In order to reduce the workload – on the first occasion only - for club and county administrators, and make the process as smooth as possible, Bowls England will themselves import all of the clubs’ current members for this season, from your completed club Excel templates (see attached Excel spreadsheet and example too).  You will personally already have a list of current club members available, as it is the same as you sent to the County Treasurer, Jane Hawkes, in November 2019 (give or take a few changes that might have occurred since then).   So you only need to add the extra data -  dates of birth, e-mail addresses, ethnicity and disability data, title, postal address, telephone numbers and ‘duty of care’ emergency contact details- many of which are easy, but some will possibly involve extra inquiries of your members.

The required data should please be submitted on the provided template Excel form [the filename just having your club name added to it].   The example ‘GoMembership’ Excel form is also provided with this message, which gives you further guidance on the information fields required.

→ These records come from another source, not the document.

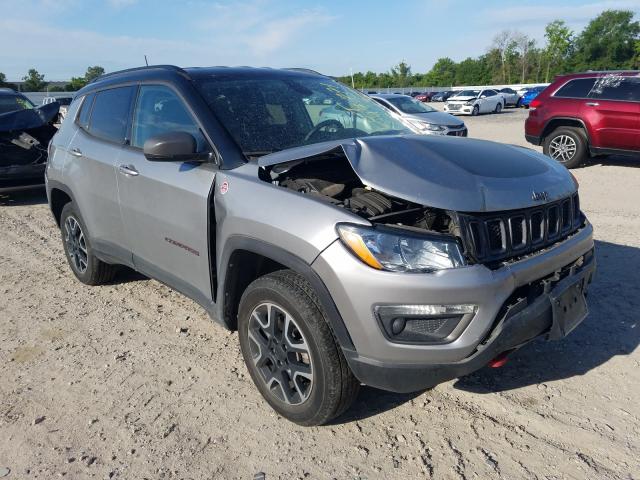 Jeep Compass tr (2019)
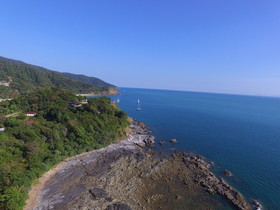 Bakantiang Resort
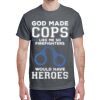 Heavy Cotton™ 5.3 oz. T-Shirt Thumbnail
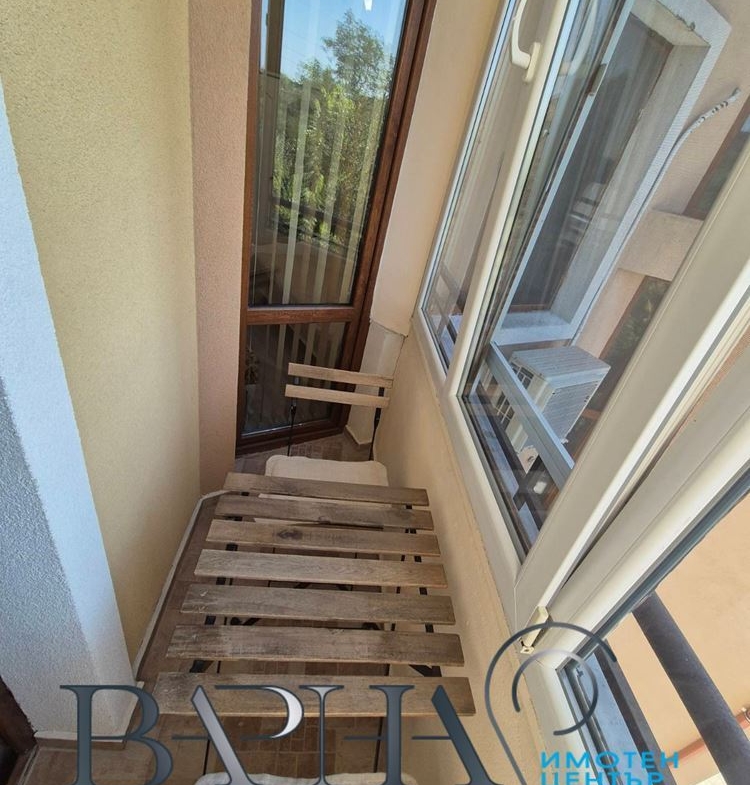 2-стаен - Варна, Левски - 0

Bowls England will then work to import the sets of club data for the first time.  Club and county administrators will then have access to ‘GoMembership’ through their own unique logins, in order to update information and produce relevant reports (subject always to their ‘access level’).

As I said, we appreciate this is extra work.   However, once this initial information has been imported your club administrator/secretary will in future (and in future years as well) only have to add/remove members as appropriate, as well as having the ability to fully manage the club membership details through ‘GoMembership’.  In fact, to repeat, the data belongs first and foremost to your club, with Bowls England and the GBA just having access to it for certain defined processes, such as affiliation.